You would never imagine that church people in a church environment would gossip right? Well today I’m going to reflect on how deadly gossip is and that it is everywhere. I’m sure everyone knows the pain of gossip. Whether you know what its like to be gossiped about or you have seen the negative impact of gossip. I have also seen how churches are divided by gossip. It happens to all of us because we have accepted it as a part of life. Often we may hear these sentences “hey you wont believe what I heard” or “what’s up with so and so” and “hey I’m not supposed to say anything but”. Why is there so much gossip? Simply, we cannot resist it. In Proverbs 18:8 it says “The words of a gossip are like choice morsels; they go down to a man’s inmost parts”. Meaning they hit the spot, and choice morsels are things that cannot be resisted. Like, the yummy McDonalds nuggets, wanting more or eating one chip and then another and another. We know its going to give me a stomach ache and its not good for me and we wont eat another but we do. It is the same with gossip. I wondered to myself other than gossip being so hard to resist why do we gossip? Well, Fr. Anthony Messiah comes up with three reasons why people gossip, that I can agree is true.
- We are miserable people. So it makes us feel better when someone else is more miserable than us.
- We think it makes us look important, we like to feel like we know everything and are the queens/kings of information.
- Our lives are boring and there really isn’t anything better to do or talk about.
In Romans chapter 1:28-32, the passage describes people who refused to worship God and resisted God, so this is what happened to them, “they were filled with all manner of unrighteousness, evil, covetousness, malice. They are full of envy, murder, strife, deceit, maliciousness. They are GOSSIPS, slanders, haters of god…”. Interesting enough, this passage includes gossip. Our goal is to make our words productive, life-giving and building up. I once heard that everything said must be true but not everything true must be said. In other words, gossip is about what’s your business and not your business. Gossip is simply defined as passing on information when you are neither part of the problem nor the solution. For example, when you are talking about another person’s looks are you talking to help them out or are you just talking just to talk. Gossip is getting caught up in business that is not your own. In 1 Timothy 5:13 it defines gossip as “wandering about from house to house, and not only idle but also gossips and busybodies, saying things which they ought not”. Whether its true or not true, that is not a factor, that is called a rumor.

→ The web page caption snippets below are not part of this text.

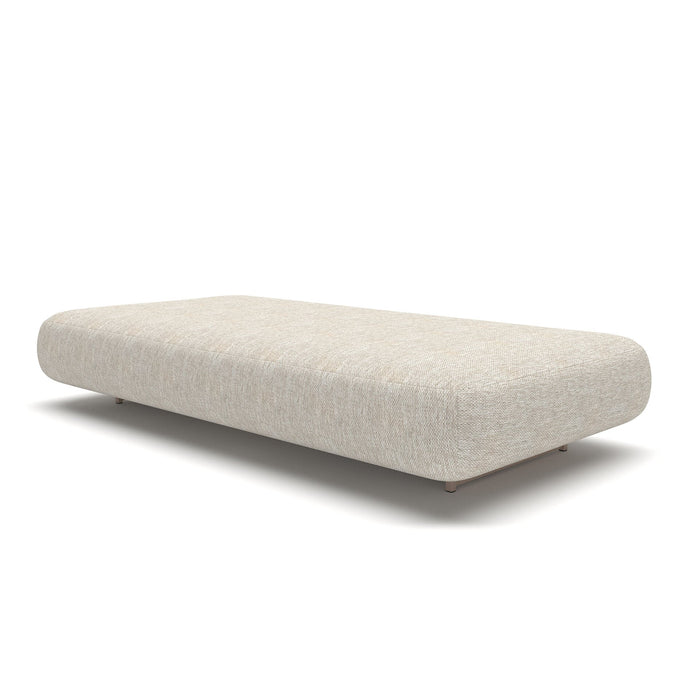 Outdoor Fabric Cannes Sunlounger - Pebble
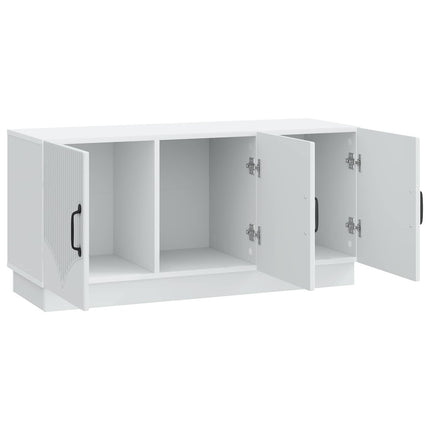 TV-skab Hvid 99 x 34,5 x 47 cm Konstrueret træ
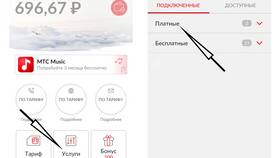 Как отключить подписку МТС Музыка в Зарина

The first victim of gossip is the person being spoken about. They will be damaged and injured. The second victim is the speaker. Nobody admires a gossip. People love to listen to you but nobody will ever talk to you because they know that the way you easily talk about others you can easily talk about them. Nobody will ever be real with you but instead they will be on guard with you. Certain people have these loose lips, everyone sees it and it doesn’t help your reputation. In Proverbs 20:19 “whoever goes about slandering reveals secrets; therefore, do not associate with a simple babbler”.
The last victim is the listener. Gossip is like second hand smoking. It sticks to you. Even though you didn’t gossip and just listened you will still be defiled by it. I can predict that everyone hates gossip and doesn’t want to be part of a gossiping population. Maybe everyone wants to get rid of the gossip but doesn’t know how. Well I’m here to tell you that you can kill gossip with ONE question. The next time you hear someone gossiping you can reply with the direct question “why are you telling me this?” or the nice question “have you had a chance to talk to them about this? If not, then you say “well maybe you should start there”. The next solution is to remember that what you permit is what you promote. So, if you are hurt that someone is gossiping about you, then ask yourself if you have ever gossiped about them or someone else? It is like what the golden rule teaches us “do unto others like you would like done unto you”. So if you gossip about others expect it to be done to you. Also, Socrates came up with a simple way to end gossip. He said if its not true, good or useful then what you are about to say is better off left unsaid. I think another great way to end gossip is looking inside our hearts. Is it filled with envy, bitterness, jealousy or hate towards that person. Because what’s in your heart will come across in words. If in your heart you have the opposite like love, unity and togetherness then it will manifest itself in the way you speak. Words have great power as we seen when God created the universe by his word. Also, the gospel is proclaimed by words. In Matthew 12:34 it says “for by your words you will be justified and by your words you will be condemned”. Our words have power to do great things and gain salvation but they can also kill, and lead us away from salvation. What you say is a big deal. My challenge for us all is to declare a gossip free zone in our life. Make it a gossip free zone inside the church and outside the church in our homes, text messages, when we are out for dinner, and our social media because I know all of us hate it and don’t want it. All it takes is one brave person to say “why are you telling me this”. DECLARE A GOSSIP FREE ZONE EVERYWHERE. We can only imagine what life, churches, offices, or our home would look like if there was no gossip. Let’s dream together and help make it a reality.